Recognition of Self and Tumor Antigens

Fundamental to the strategy of the immune system is discrimination between self and non-self. This enables the immune system to respond to and eliminate foreign pathogens without harming one's own tissues. Autoimmune disease represents aberrant immune destruction of self-tissue, whereas other diseases such as cancer are, in part, due to immune tolerance of self. One goal of our laboratory is to augment the ability of T lymphocytes to respond to certain self-antigens in order to eliminate tumor cells. To this end, we utilize a variety of transgenic murine models in order to study autoimmunity and tumor immunity.

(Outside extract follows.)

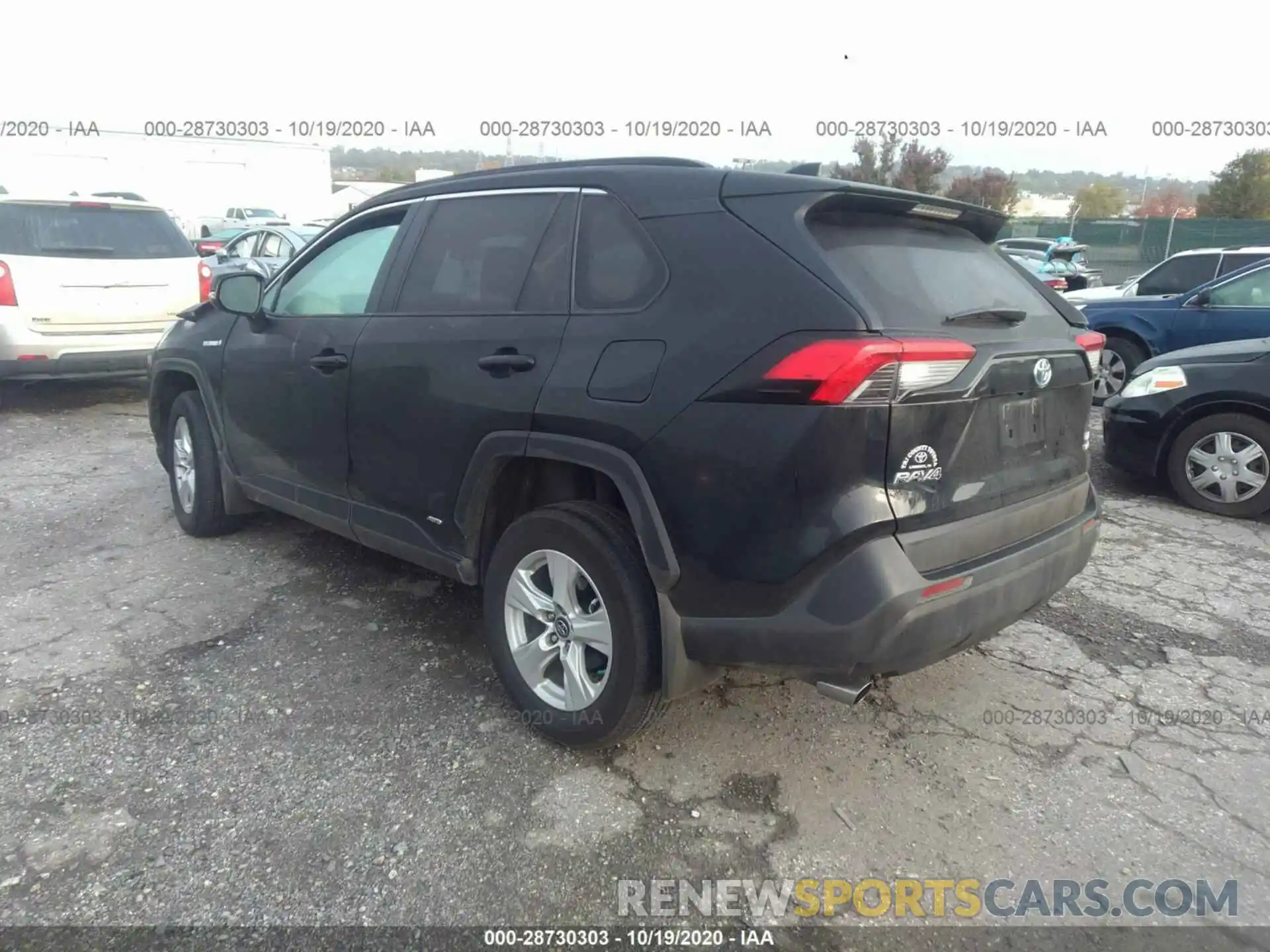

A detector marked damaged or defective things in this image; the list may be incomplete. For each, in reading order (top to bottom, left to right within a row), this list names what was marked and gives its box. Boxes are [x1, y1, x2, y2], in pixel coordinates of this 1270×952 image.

cracked asphalt [0, 381, 1265, 949]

In particular, we are studying how expression of proteins in normal tissues alters immune recognition and responsiveness to antigens of these proteins when they are subsequently encountered on normal tissue or tumor cells. We use similar models to probe defects in immune tolerance that result in autoimmune destruction of pancreatic islets leading to type 1 diabetes.

Selected References

Wei, C.H., and Sherman, L.A.2007. N-Terminal trimer extension of nominal CD8T cell epitopes is sufficient to promote cross-presentation to cognate CD8 T cells in vivo. J. Immunol. 179(12):8280-8286.

Wong, S.B.J., Bos, R., Sherman, L.A. 2008. Tumor specific CD4+ T cells render the tumor environment permissive for infiltration by low avidity CD8+ T cells. J. Immunol. 180: 3122–3131.

Redmond, W.L., Wei, C.H., Kreuwel, H.T.C., Sherman, L.A. 2008. The apoptotic pathway contributing to the deletion of naïve CD8 T cells during induction of peripheral tolerance to a cross-presented self-antigen. J. Immunol. 180(8):5275-82.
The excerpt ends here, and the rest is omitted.